→ Problem statement
With pictures left out, output exactly the lines from the line holding "Quad Antimicrobial Glove BoxDispenser" through the end of the data, both included.
Supplied information START
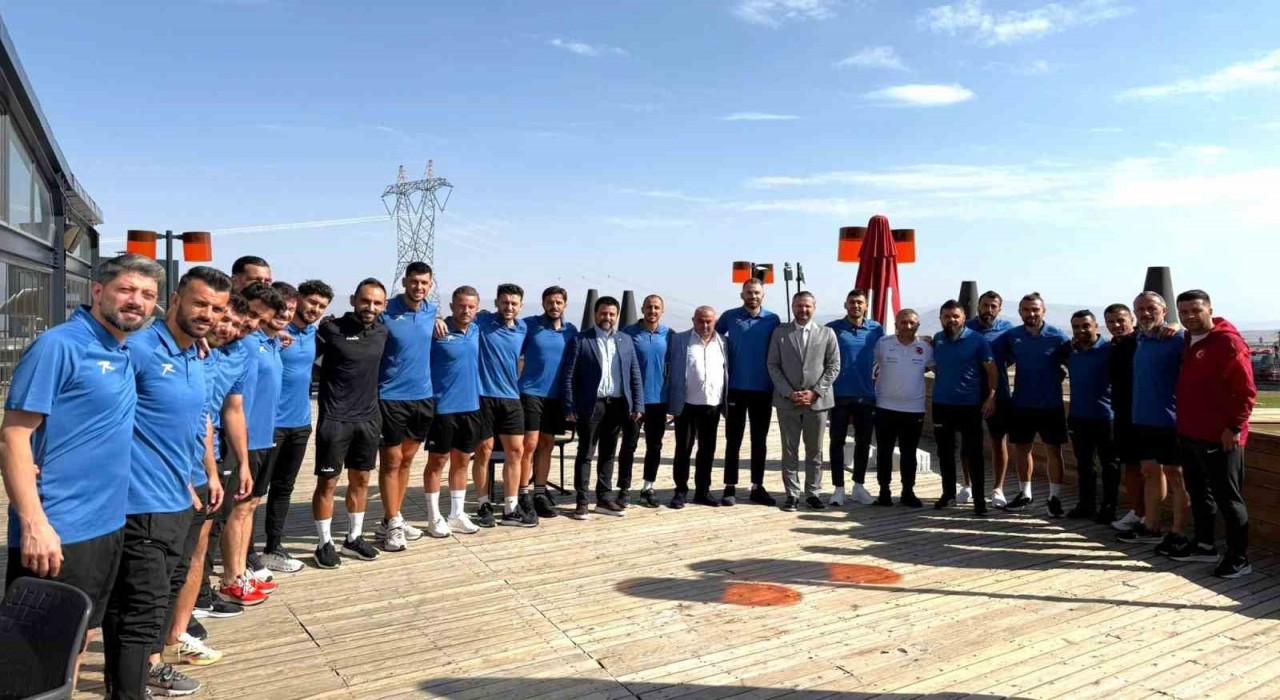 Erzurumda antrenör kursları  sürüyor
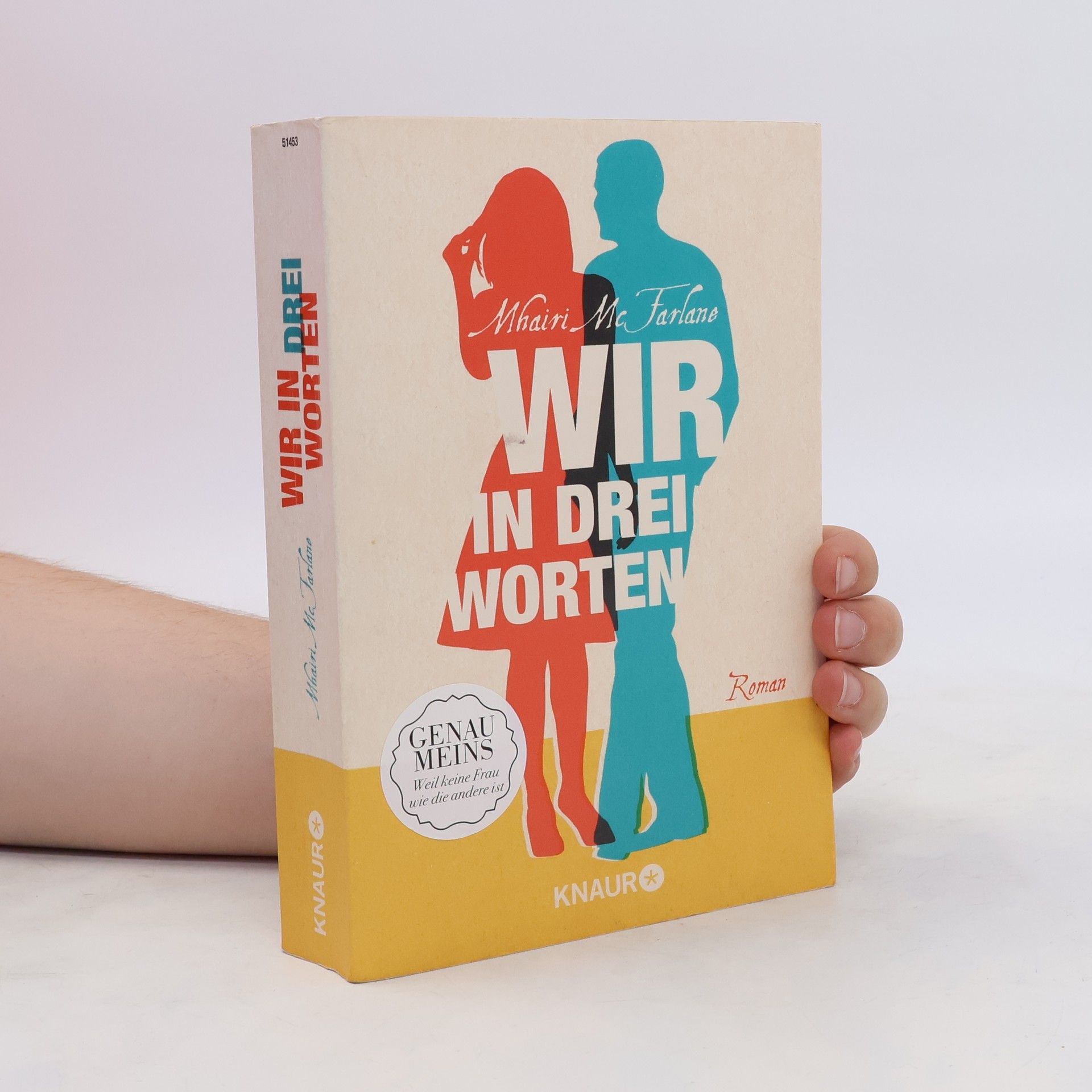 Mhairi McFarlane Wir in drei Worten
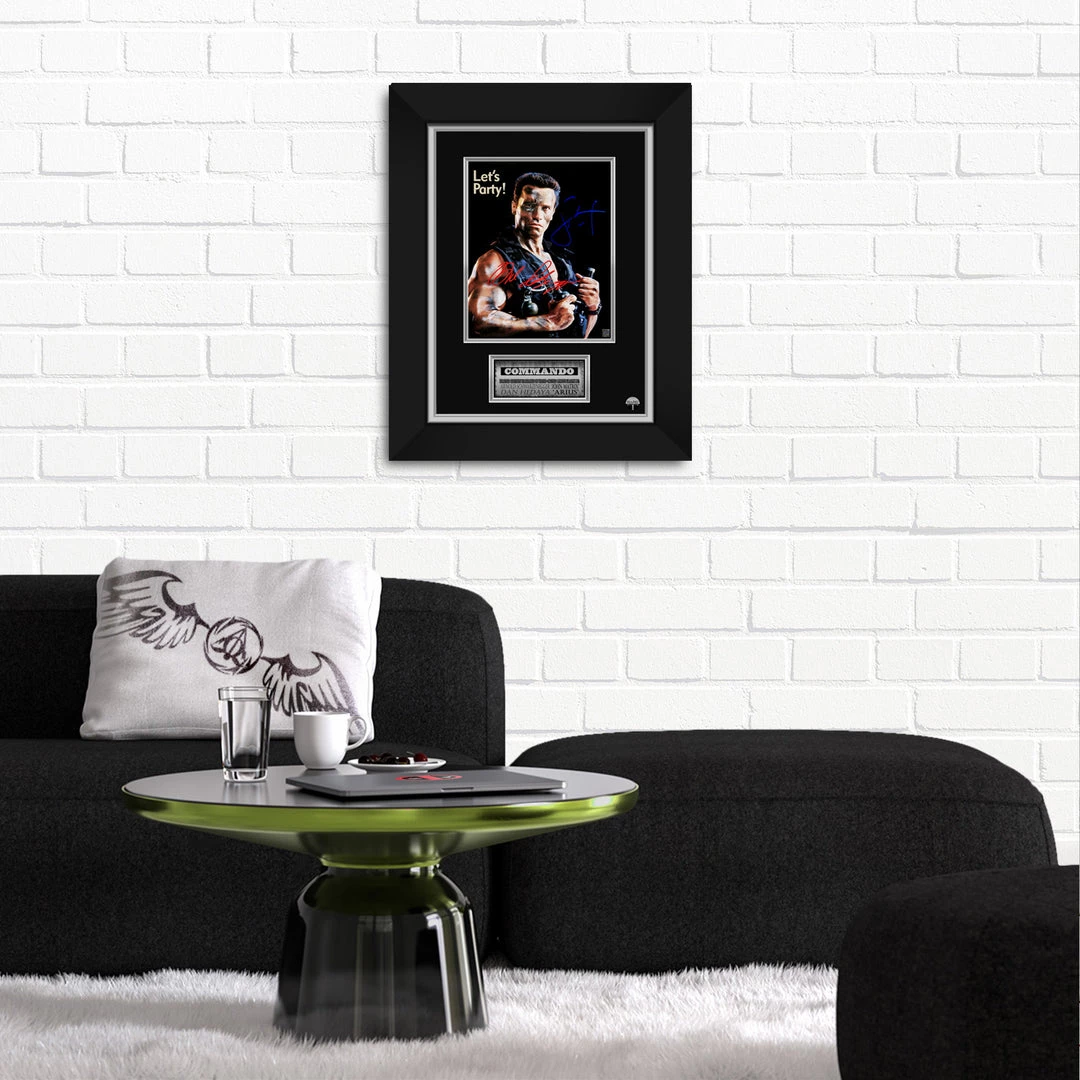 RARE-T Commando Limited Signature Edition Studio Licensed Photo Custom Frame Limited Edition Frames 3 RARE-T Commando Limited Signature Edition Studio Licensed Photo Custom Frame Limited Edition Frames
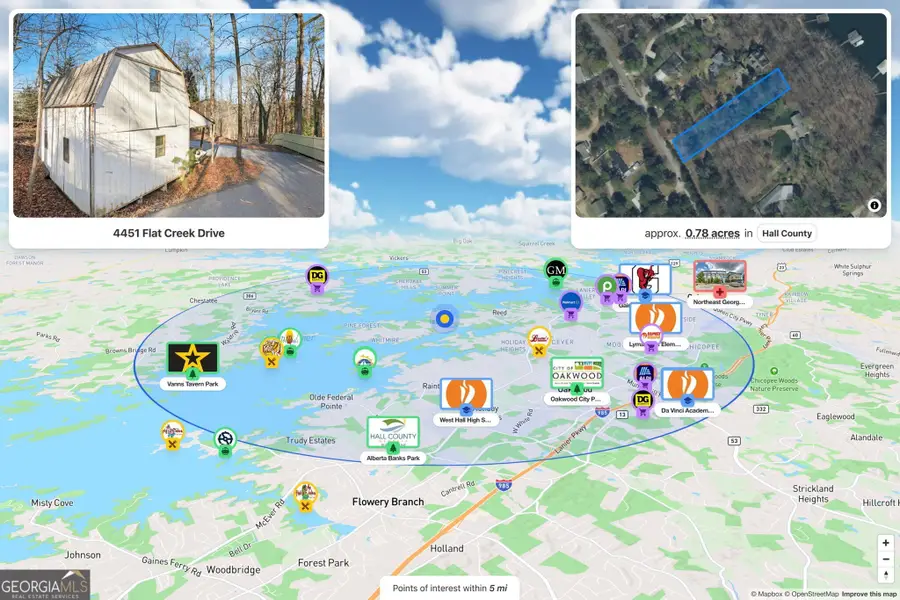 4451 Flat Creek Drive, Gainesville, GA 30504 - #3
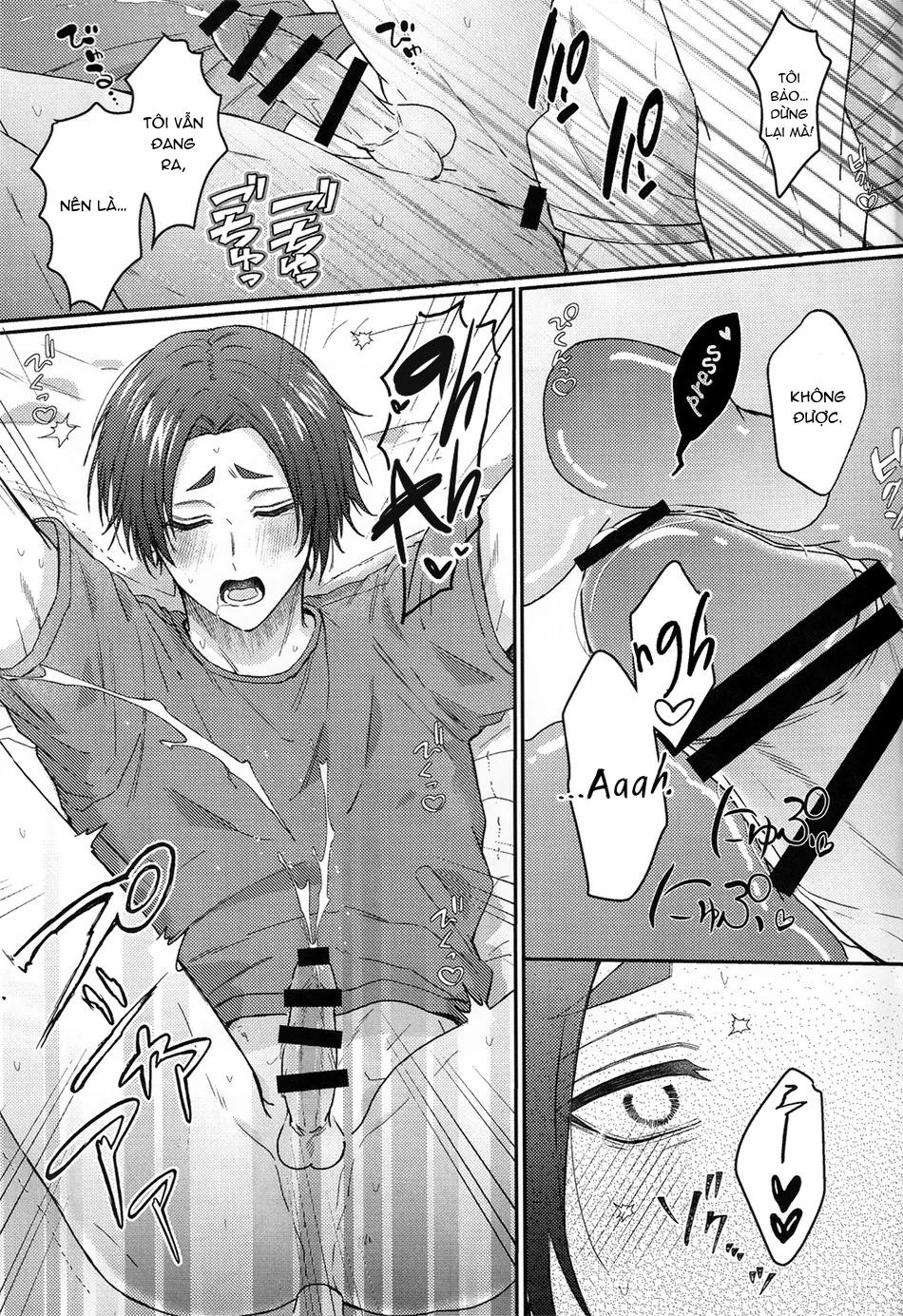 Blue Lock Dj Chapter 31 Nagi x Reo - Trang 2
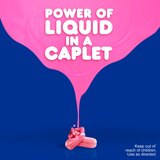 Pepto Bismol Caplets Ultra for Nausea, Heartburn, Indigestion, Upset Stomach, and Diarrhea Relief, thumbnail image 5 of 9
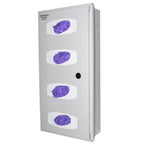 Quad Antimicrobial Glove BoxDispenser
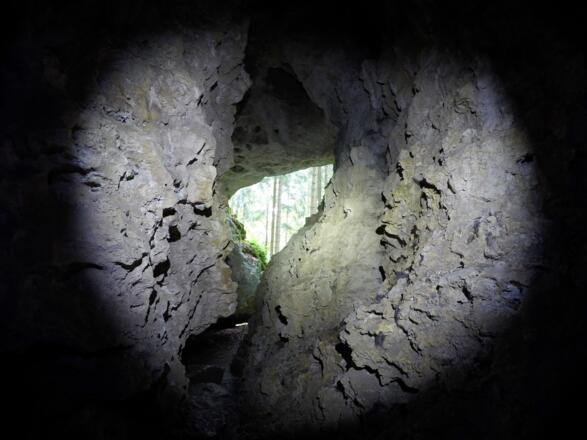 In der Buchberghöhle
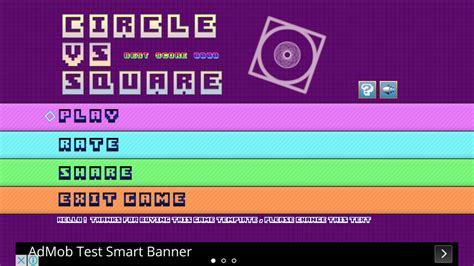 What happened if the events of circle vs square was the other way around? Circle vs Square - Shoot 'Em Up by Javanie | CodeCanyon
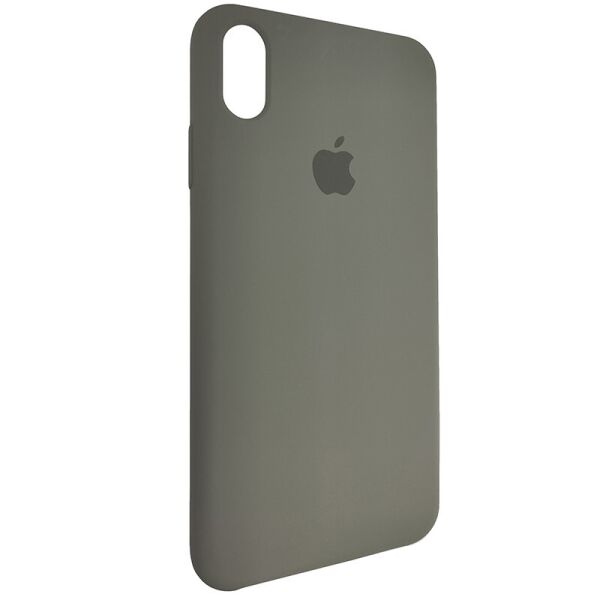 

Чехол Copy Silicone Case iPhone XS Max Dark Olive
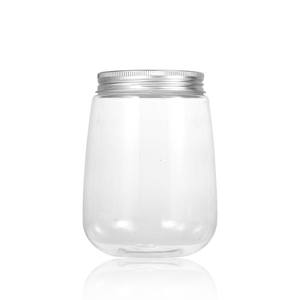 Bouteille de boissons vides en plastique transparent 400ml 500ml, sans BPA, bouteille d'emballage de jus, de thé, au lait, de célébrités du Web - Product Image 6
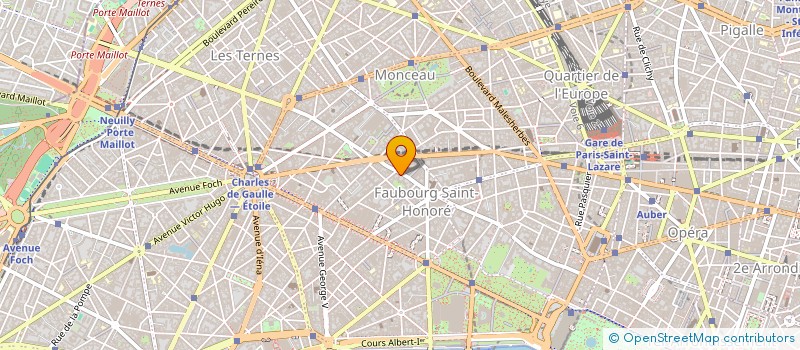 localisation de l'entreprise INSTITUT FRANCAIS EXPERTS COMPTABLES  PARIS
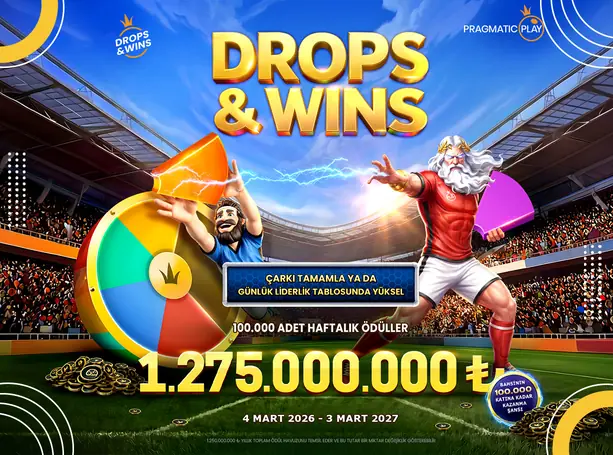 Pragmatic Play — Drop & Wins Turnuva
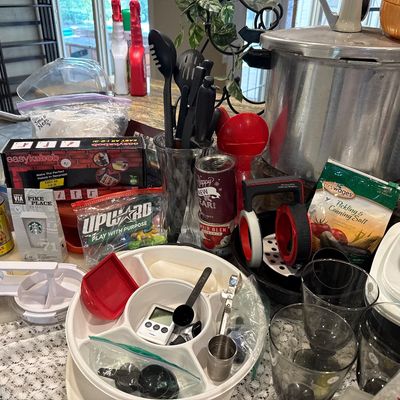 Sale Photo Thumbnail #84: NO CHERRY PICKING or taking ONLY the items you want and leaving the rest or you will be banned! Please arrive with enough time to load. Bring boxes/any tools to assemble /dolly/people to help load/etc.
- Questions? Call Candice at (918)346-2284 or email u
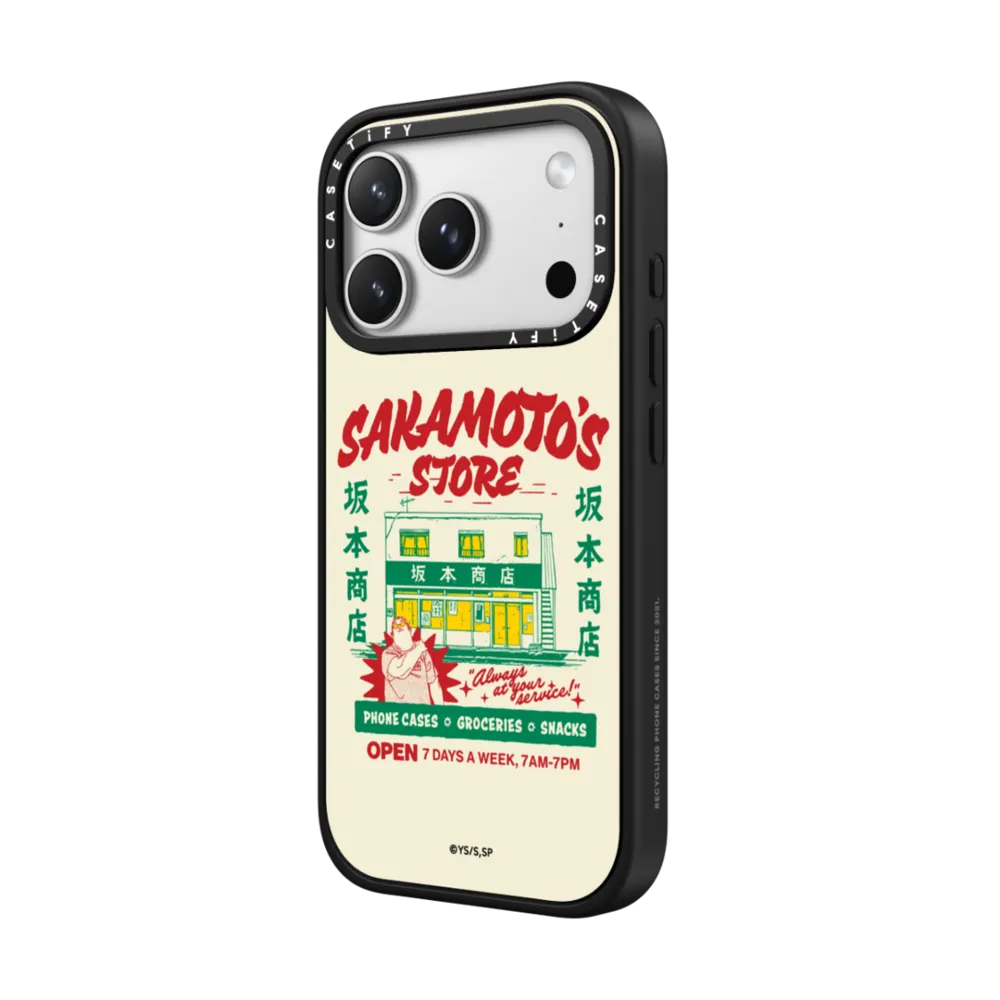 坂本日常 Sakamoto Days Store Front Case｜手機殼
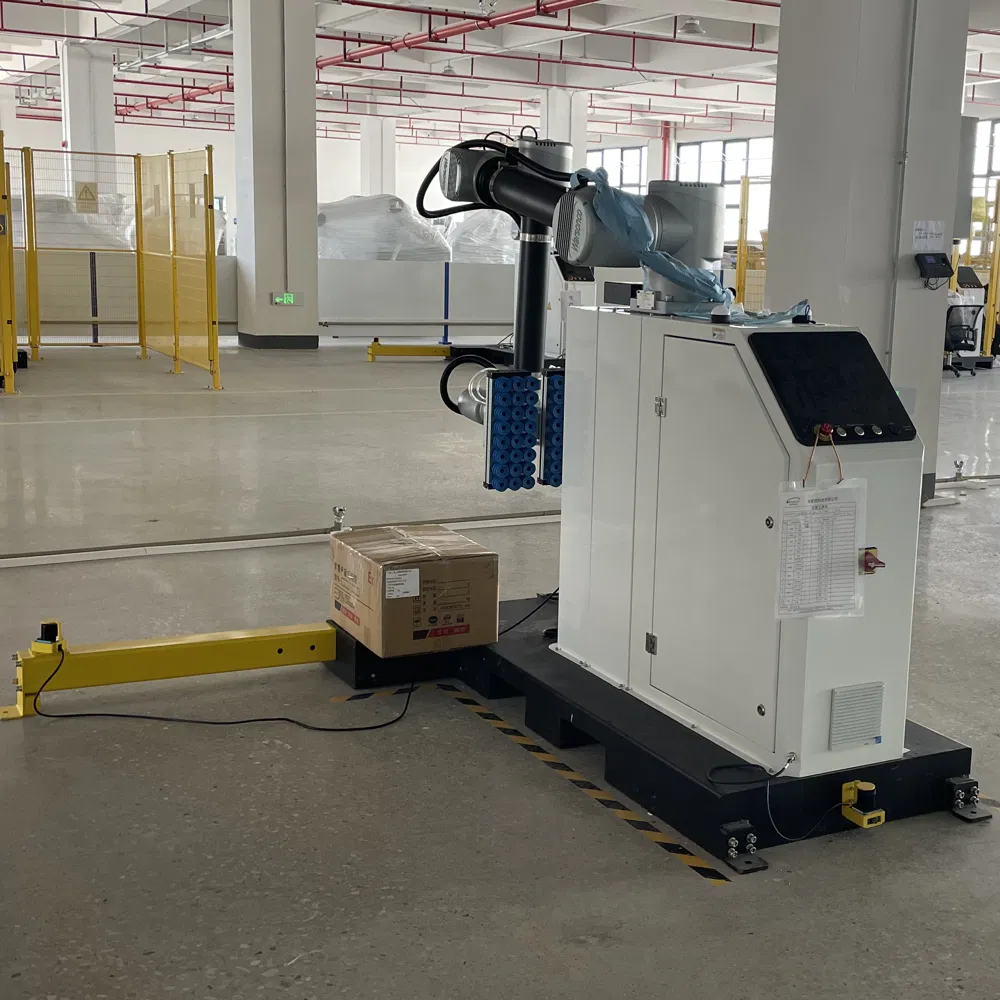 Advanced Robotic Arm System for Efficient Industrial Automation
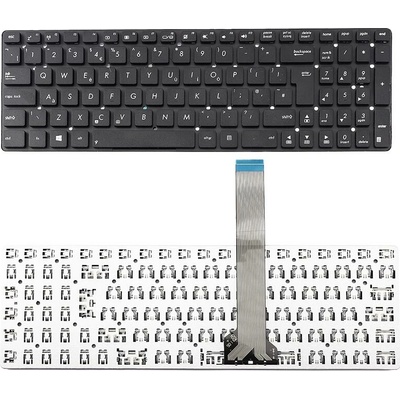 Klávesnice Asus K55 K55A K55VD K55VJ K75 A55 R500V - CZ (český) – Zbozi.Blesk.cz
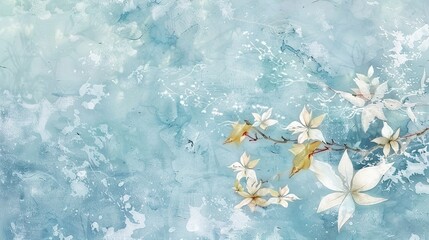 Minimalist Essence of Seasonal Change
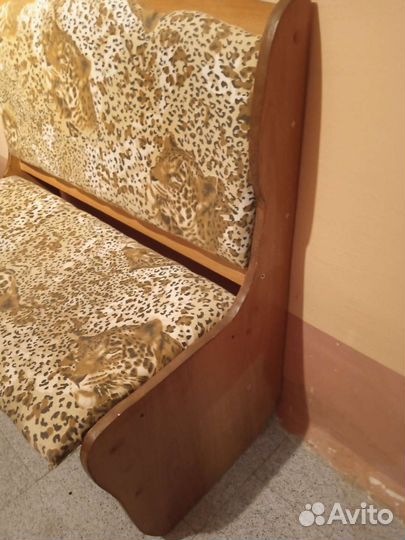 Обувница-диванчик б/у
Supplied information END
→ Result below
 Quad Antimicrobial Glove BoxDispenser
 In der Buchberghöhle
 What happened if the events of circle vs square was the other way around? Circle vs Square - Shoot 'Em Up by Javanie | CodeCanyon

Чехол Copy Silicone Case iPhone XS Max Dark Olive
 Bouteille de boissons vides en plastique transparent 400ml 500ml, sans BPA, bouteille d'emballage de jus, de thé, au lait, de célébrités du Web - Product Image 6
 localisation de l'entreprise INSTITUT FRANCAIS EXPERTS COMPTABLES  PARIS
 Pragmatic Play — Drop & Wins Turnuva
 Sale Photo Thumbnail #84: NO CHERRY PICKING or taking ONLY the items you want and leaving the rest or you will be banned! Please arrive with enough time to load. Bring boxes/any tools to assemble /dolly/people to help load/etc.
- Questions? Call Candice at (918)346-2284 or email u
 坂本日常 Sakamoto Days Store Front Case｜手機殼
 Advanced Robotic Arm System for Efficient Industrial Automation
 Klávesnice Asus K55 K55A K55VD K55VJ K75 A55 R500V - CZ (český) – Zbozi.Blesk.cz
 Minimalist Essence of Seasonal Change
 Обувница-диванчик б/у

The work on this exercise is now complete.